Using the right patterns to communicate between microservices can help scale your application and solve most distributed systems problems. We started with direct HTTP calls for all communication, but decided to move to an event-driven system. This system changed the way we thought about interactions between services, forced scalable patterns, and increased our resilience.

We moved to using events over traditional HTTP communication for a few reasons. First, it forced decoupling of services. From our experience with HTTP, one service would make calls to every service it needed to, and that meant the original service would need a client library for every service it communicated with. The client library would ensure errors would not stop or block functionality, and would be consistent with each service.

As we scaled out to 20+ services, maintaining client libraries became a long, arduous process. New services that replaced older functionality would require an update to all dependencies. This made the development and deployment process longer and more error prone due to all the moving parts.

Another benefit to using events is that services no longer need to orchestrate functionality, removing direct calls to clients. Services can come in and out of existence without having to update client libraries or add new HTTP calls.

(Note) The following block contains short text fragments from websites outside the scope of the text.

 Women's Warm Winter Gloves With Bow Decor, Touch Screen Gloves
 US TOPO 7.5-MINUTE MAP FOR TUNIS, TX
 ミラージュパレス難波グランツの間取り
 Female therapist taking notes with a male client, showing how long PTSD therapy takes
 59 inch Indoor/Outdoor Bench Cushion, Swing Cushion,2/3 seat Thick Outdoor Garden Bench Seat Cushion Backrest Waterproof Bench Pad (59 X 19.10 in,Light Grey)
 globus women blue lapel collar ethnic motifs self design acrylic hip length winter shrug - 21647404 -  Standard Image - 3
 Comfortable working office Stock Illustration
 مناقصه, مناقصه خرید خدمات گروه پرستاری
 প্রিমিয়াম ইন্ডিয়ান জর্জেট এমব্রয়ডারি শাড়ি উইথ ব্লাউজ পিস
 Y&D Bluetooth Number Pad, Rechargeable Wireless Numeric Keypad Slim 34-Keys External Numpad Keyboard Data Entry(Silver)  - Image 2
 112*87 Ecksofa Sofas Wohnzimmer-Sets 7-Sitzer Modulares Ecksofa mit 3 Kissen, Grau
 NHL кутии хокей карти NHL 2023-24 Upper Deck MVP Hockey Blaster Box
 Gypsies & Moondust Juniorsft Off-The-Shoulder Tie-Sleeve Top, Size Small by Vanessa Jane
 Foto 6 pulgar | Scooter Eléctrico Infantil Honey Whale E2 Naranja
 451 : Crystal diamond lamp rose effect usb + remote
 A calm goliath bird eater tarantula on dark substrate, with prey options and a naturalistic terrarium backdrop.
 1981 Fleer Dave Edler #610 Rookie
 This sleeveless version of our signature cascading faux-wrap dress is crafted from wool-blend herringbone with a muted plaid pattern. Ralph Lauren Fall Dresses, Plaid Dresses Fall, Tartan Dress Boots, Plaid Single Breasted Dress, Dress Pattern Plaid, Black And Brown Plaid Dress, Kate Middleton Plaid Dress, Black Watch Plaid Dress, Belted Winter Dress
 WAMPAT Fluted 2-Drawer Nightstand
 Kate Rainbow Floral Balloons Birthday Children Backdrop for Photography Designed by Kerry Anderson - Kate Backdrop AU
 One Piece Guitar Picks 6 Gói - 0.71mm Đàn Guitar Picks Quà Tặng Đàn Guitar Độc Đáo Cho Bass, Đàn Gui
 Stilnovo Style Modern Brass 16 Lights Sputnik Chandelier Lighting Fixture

We can rapidly deploy prototype applications which listen to events, without worrying about them bringing the entire system down.

Third, this change allowed us to implement global patterns. We added rate limits and timeouts to each worker without having to implement them in each of our different client libraries (GitHub, AWS, internal services, etc). We were also able to easily implement a circuit breaker pattern by cutting off the listener of an event until it was healthy again. Only the worker needed to change, not all the callers of the service.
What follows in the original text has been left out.